Difference between std::decay and std::remove_reference

Question

When template metaprogramming in C++, I often run into something like the following:

template <typename T>
S<T> make_wrapper(T&& t) { return S<T>(std::forward<T>(t)); }

I know I should use something like std::decay in the return type, but why wouldn't std::remove_reference work as well? What's the difference here? What about std::remove_cvref ?

Answer 1

Consider for example

#include <type_traits>

int main()
{
    static_assert(std::is_same_v<
        std::decay_t<const int&>, 
        std::remove_reference_t<const int&>
    >); // int != const int
}

std::decay will remove any cv-qualifer, remove_reference won't. It will just strip the "reference" part of the type.

From the reference :

Applies lvalue-to-rvalue, array-to-pointer, and function-to-pointer implicit conversions to the type T, removes cv-qualifiers, and defines the resulting type as the member typedef type.

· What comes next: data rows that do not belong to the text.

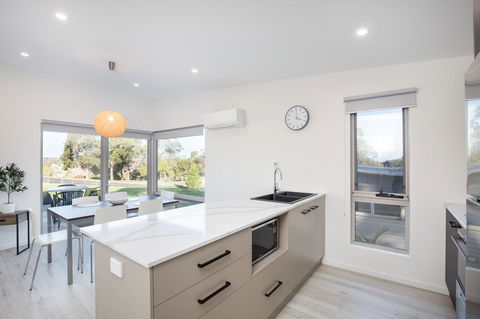 Blue Lake Holiday Park - Goulburn Accommodation 22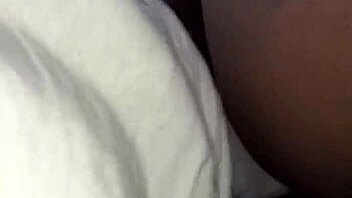 big ass young 18+ girl who says yes to everything 😏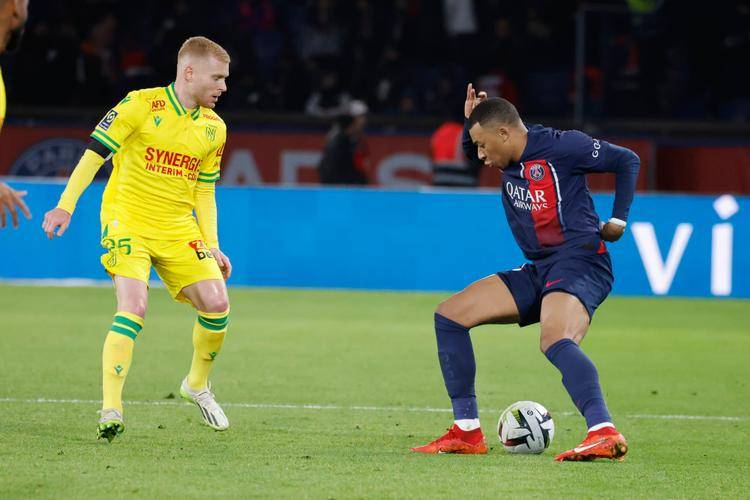 法甲激战:巴黎FC主场迎战南特,保级战火一触即发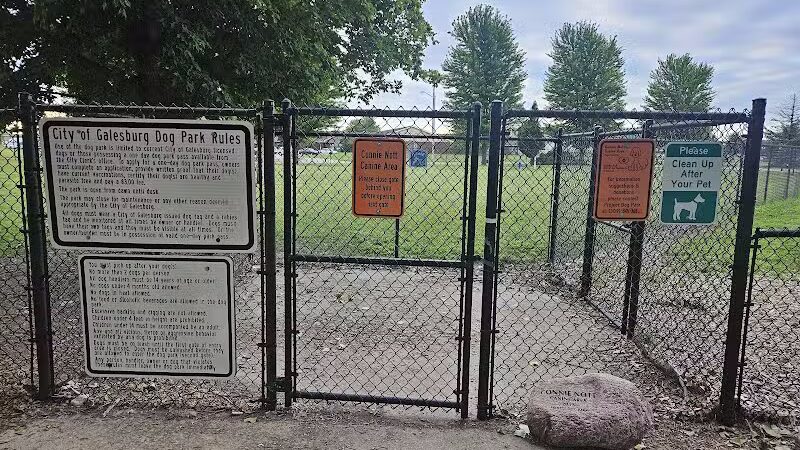 Project Dog Park - Connie Nott Canine Area - Galesburg,
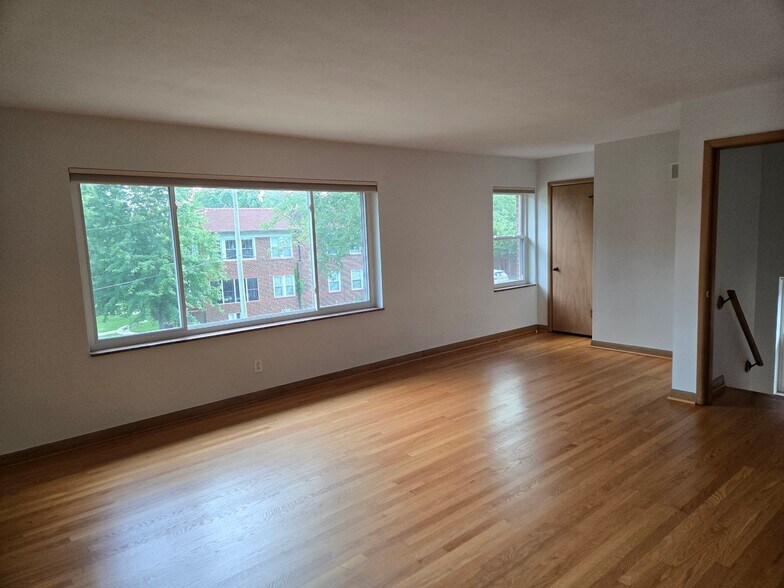 Building Photo - 7729 Brookline Terrace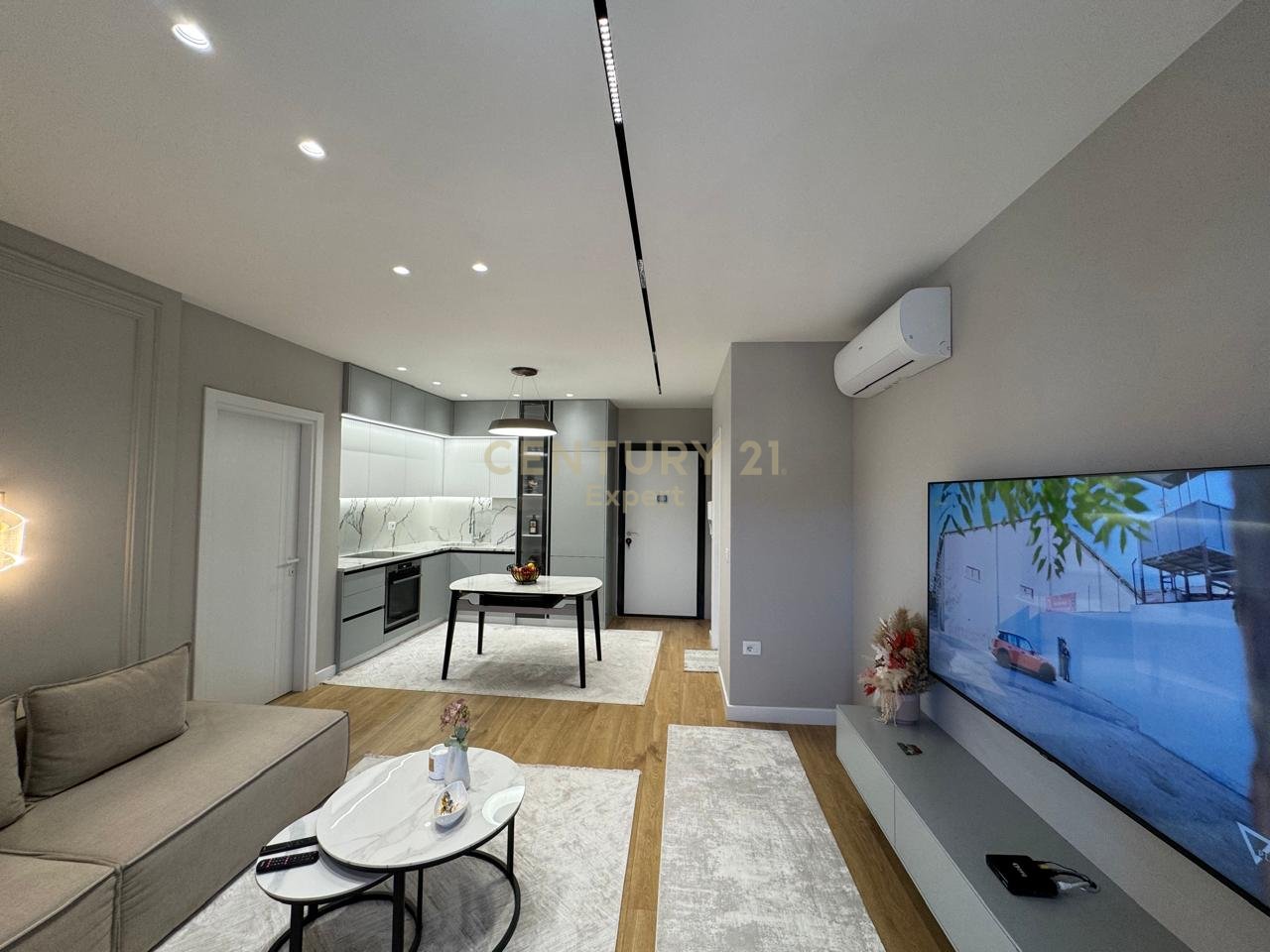 SHESIM APARTAMENT 1+1+2 NE GOLDEN PARK 3 TIRANA!
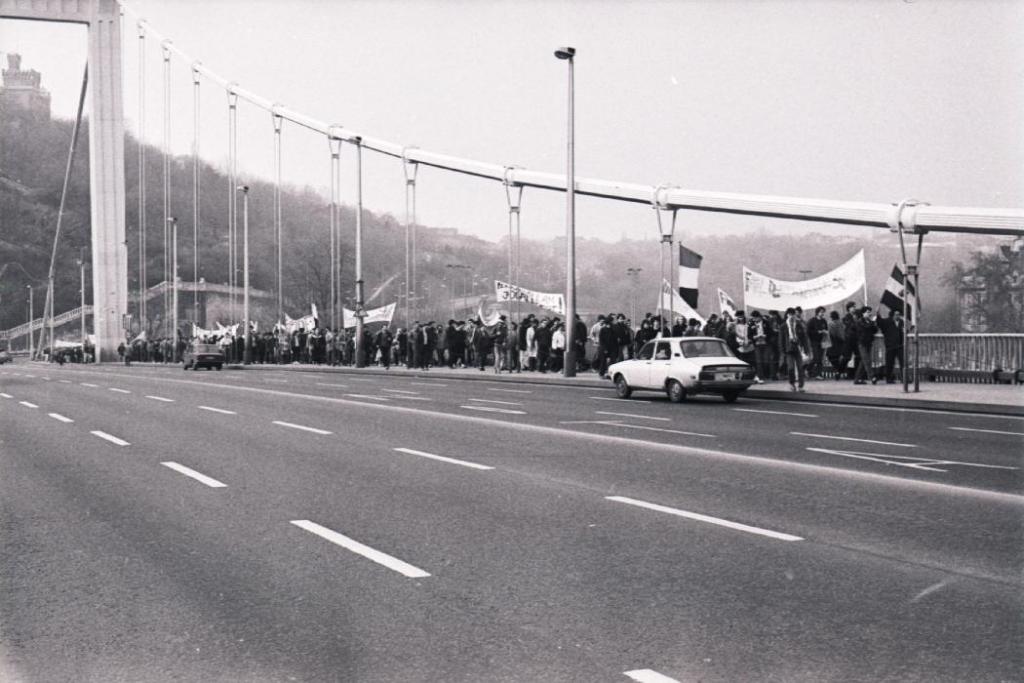 A FIDESZ csoportja az Erzsébet hídon, útban a Március 15. tér felé
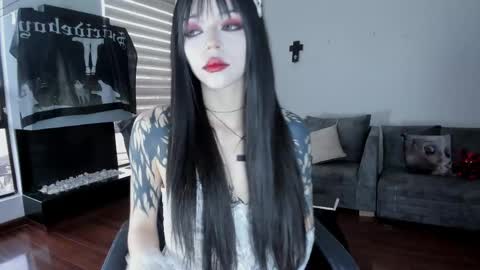 Snapshot of zombieeporcelainex chatting on April 30, 10:25 pm SOPHIE online show from April 30, 10:25 pm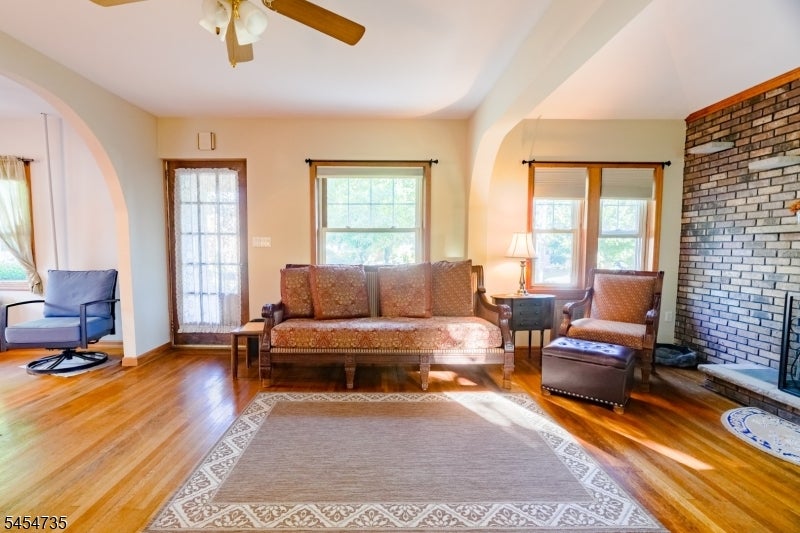 200 Elm Ave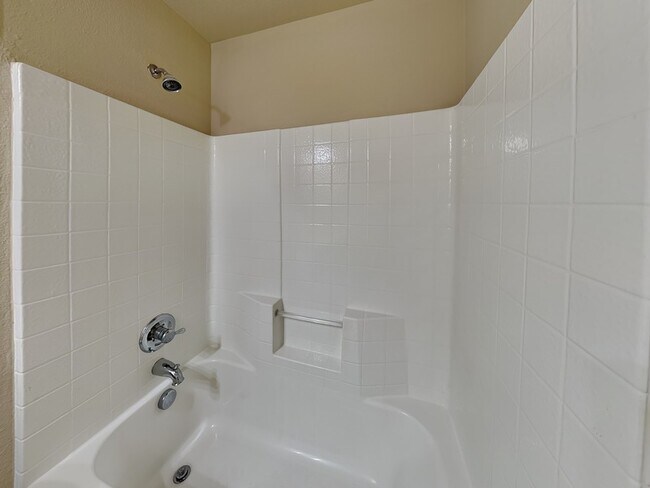 Building Photo - 5860 Burgundy Rose Dr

Therefore std::decay will perform way more type conversions than std::remove_reference .

There are also further type modifiers for more nuanced applications that will only perform selected parts of the set of possible transformations decay does, like remove_cv , remove_volatile or, in C++20, remove_cvref .

Answer 2

Removing reference would leave const and volatile . If that is what you want, then it will suffice.

Removing cvref does most of what decay does, but doesn't convert function types and array types to pointers.

decay converts a type in a way that you could reasonably store a copy of it in an array or in a struct , or return it from or pass it to a function.